October 8, 2015


I favor cuts in defense spending—I favor cuts in spending almost everywhere—but thinking about President Eisenhower earlier today (I do that a lot) made me want to put contemporary military spending into perspective. In 1957, the nation was more or less at peace, the budget ran a small surplus, and we spent 9.8 percent of GDP on national defense. That was down sharply from the years immediately before (winding down of Korean War expenses, I guess) but quite a bit higher than it was in 1950 and 1951. In 1950, we spent only 4.9 percent of GDP on national defense, half that 1957 number. This year, we’re going to spend about 3.3 percent of GDP on national defense. That’s less than we spent during the first Clinton administration, a fairly peaceable time.
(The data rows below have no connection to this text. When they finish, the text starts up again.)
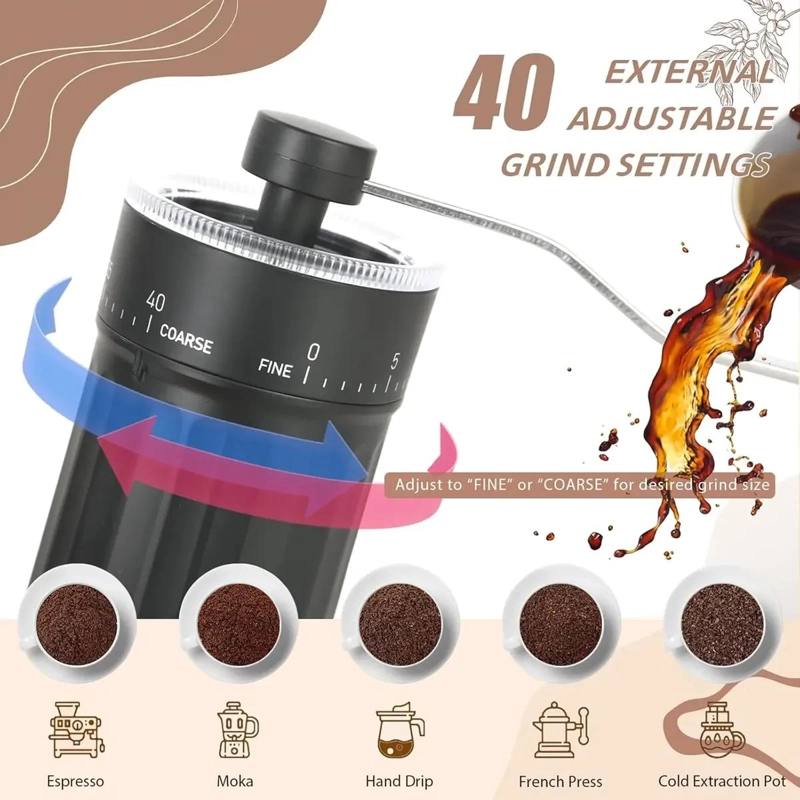 MOLINILLO DE CAFE  MANUAL CERAMICO PORTATIL - 2
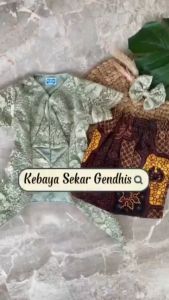 Kebaya Anak Model Sekar Gendis | Kebaya Sekar Gendis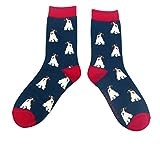 MISS SPARROW Super Soft Socks Fox Terrier Soft Breathable One Pair Size 4 to 7;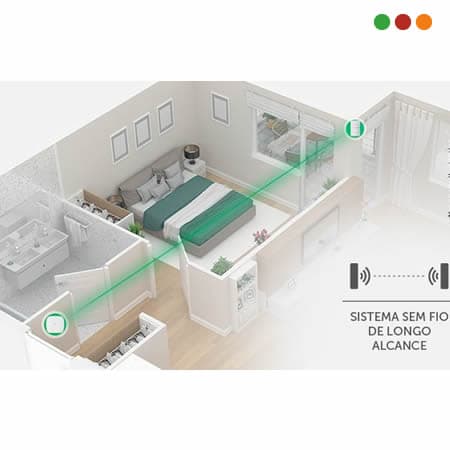 Alarma | Sensor Inalambrico PIR |  IVP 1000 PET Smart / Tamper / 400 m Intelbras - 3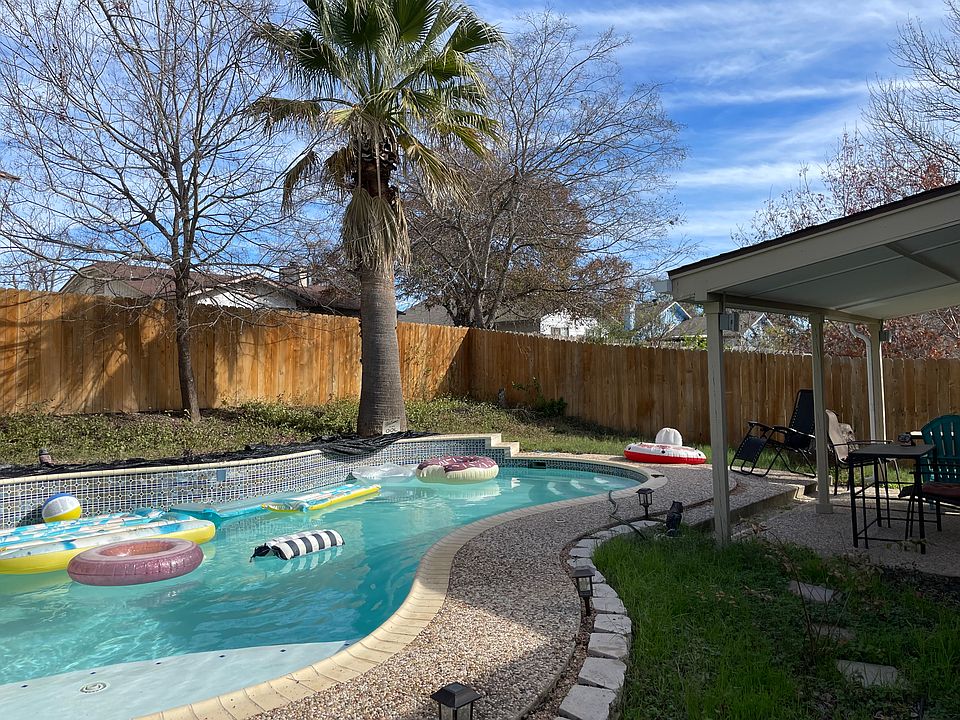 Pool in the backyard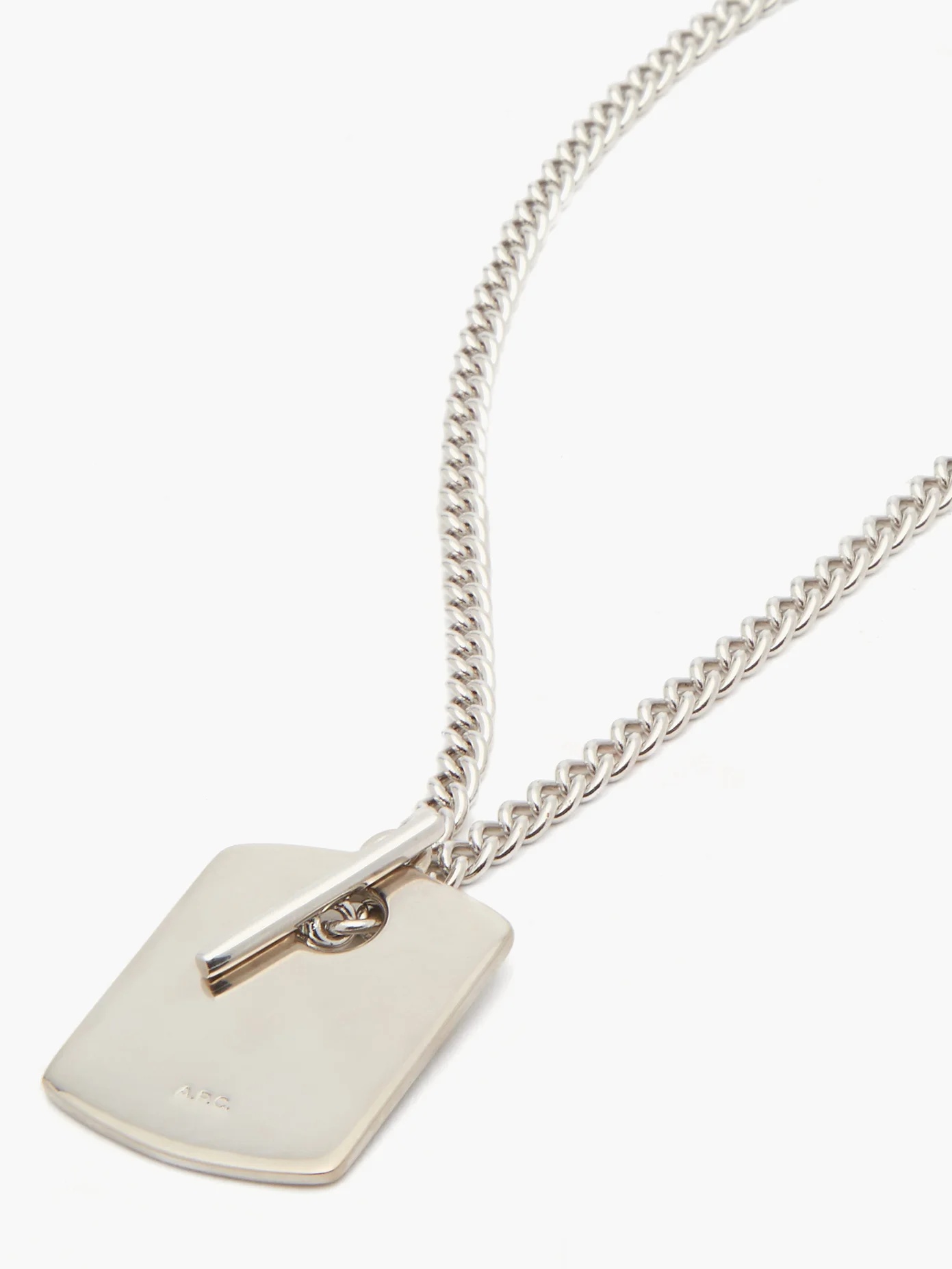 Louison logo-engraved necklace - 3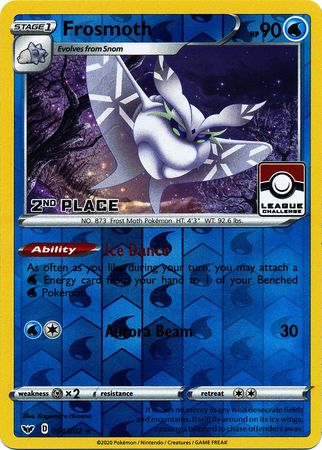 Frosmoth (064/202) (League Promo 2nd Place) [Sword & Shield: Base Set] | Card Merchant Takapuna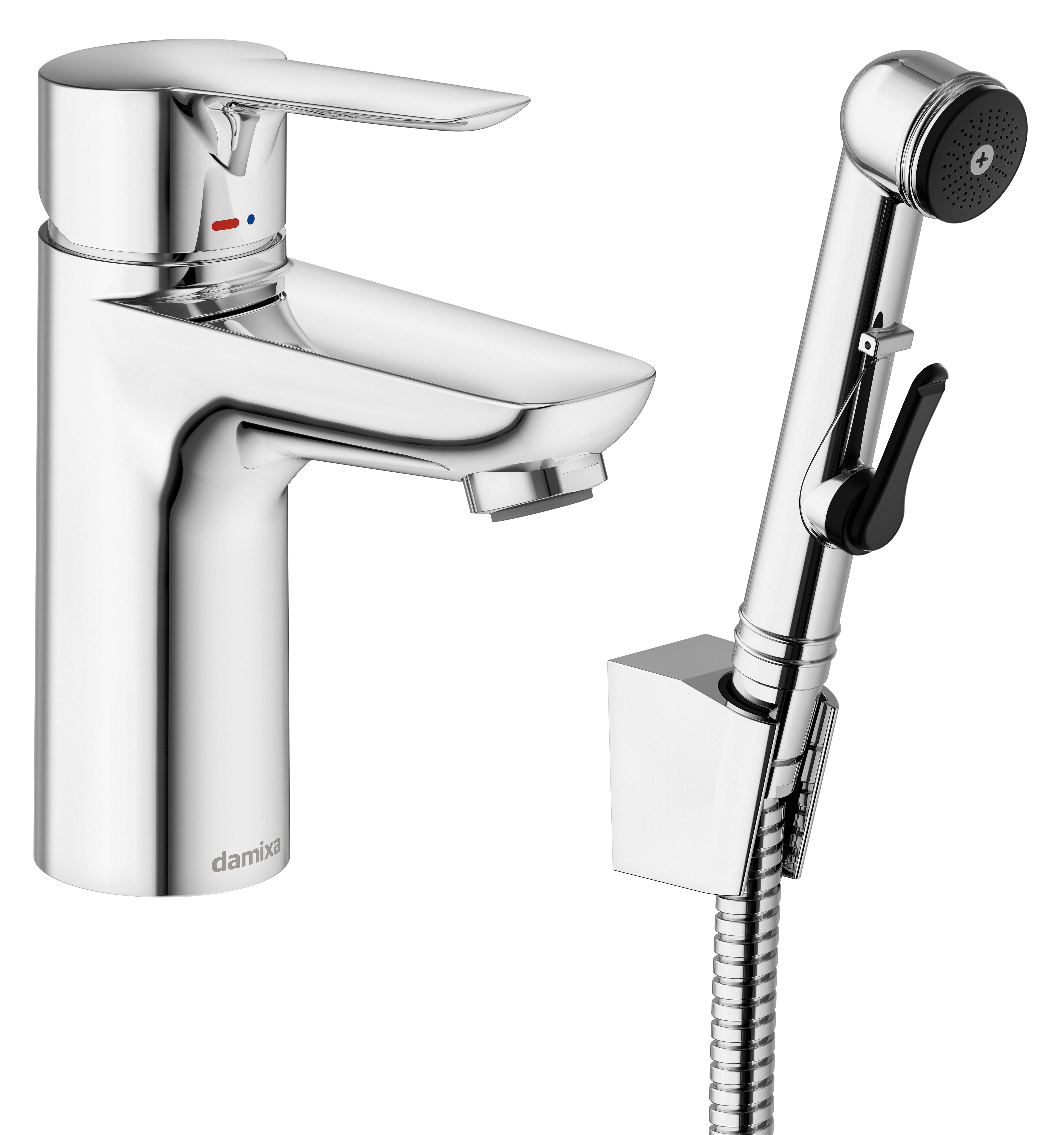 WASHBASIN MIXER DAMIXA 59030.00 CORE BIDE CHROME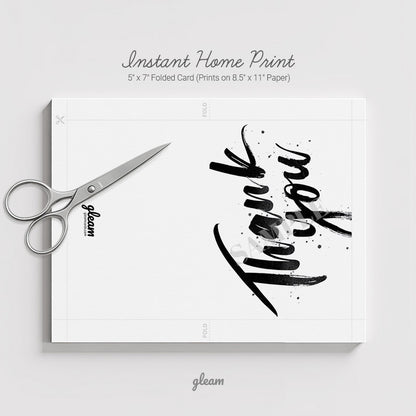 Thank You Card - Modern Brush Style
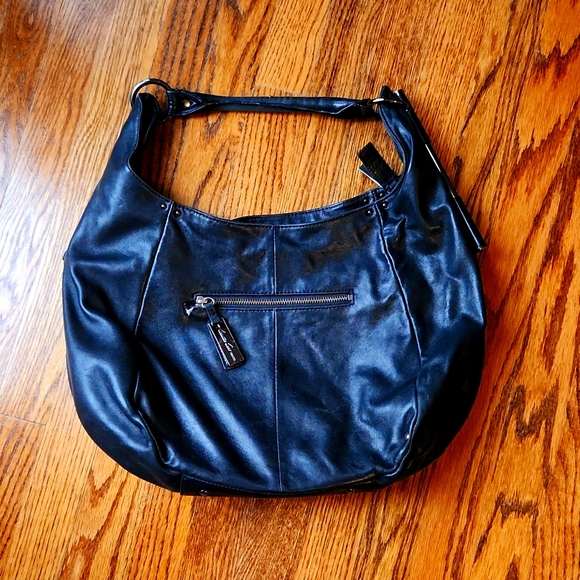Genuine Leather Kenneth Cole hobo bag - Picture 1 of 10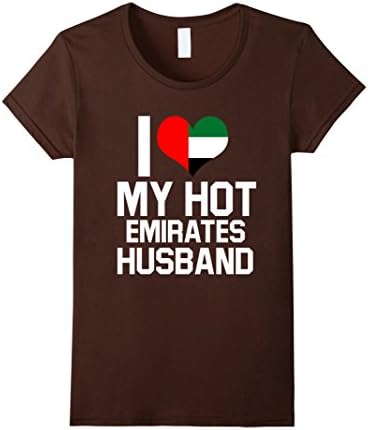 Women's I Love My Hot UAE or Emirates (used attributively only, as i Large Brown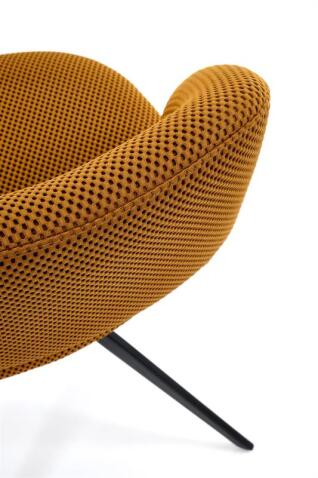 Стул HALMAR K546 горчичный/черный, поворотный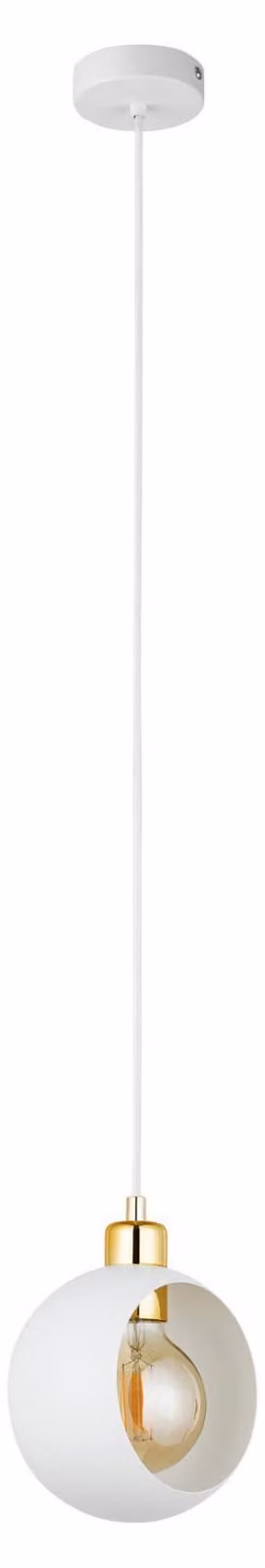 CYKLOP lampada a sospensione bianca E27 60W 2741 TK Lighting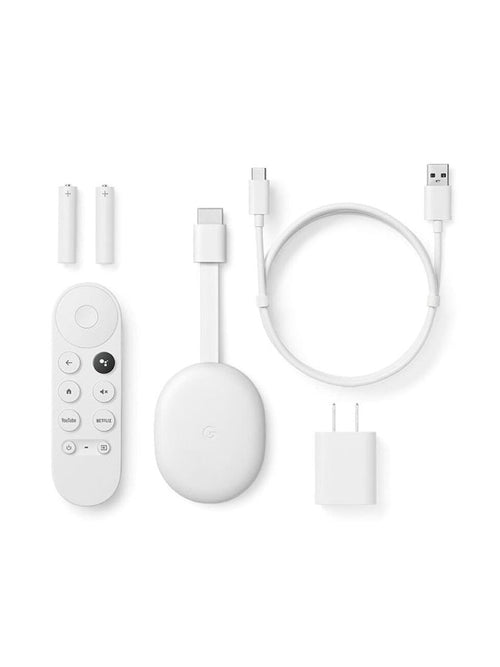 Reproductor de video Chromecast con Google TV Streaming-Blanco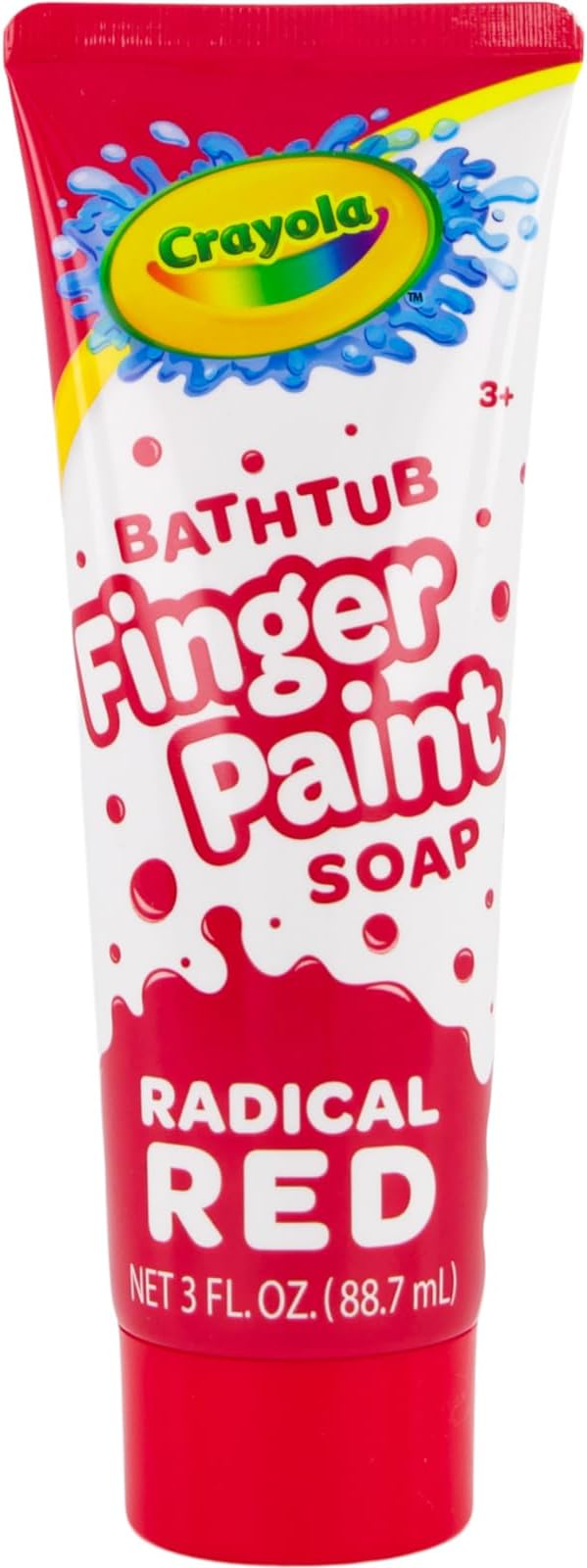 Crayola Bathtub Fingerpaint 5 Color Variety Pack, 3 Ounce Tubes (Bluetiful Blue, Screamin' Green, Radical Red, Flamingo Pink, Royal Purple)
It’s less than we’ve spent since before the budgetary beginning of the post-9/11 era, by which I mean, since 2002. Looking at 1957 from the other side of the ledger, tax receipts were 17.2 percent of GDP. This year, taxes are expected to come in at 17.7 percent of GDP, a little bit more. . . .

The real lesson of 1957 is that you could—if you were so inclined—spend three times what we spend on the military in GDP terms, produce a small budget surplus, and reduce total taxes. You could do that if you were willing to do the work on the rest of the budget. I wasn’t around at the time, but I’ve heard that 1957 was not a time of stateless Mad Max anarchy and wanton savagery in the United States.

Politicians found better ways to buy votes, so money spent on, you know, actually doing things the Constitution assigns to the national government is squeezed.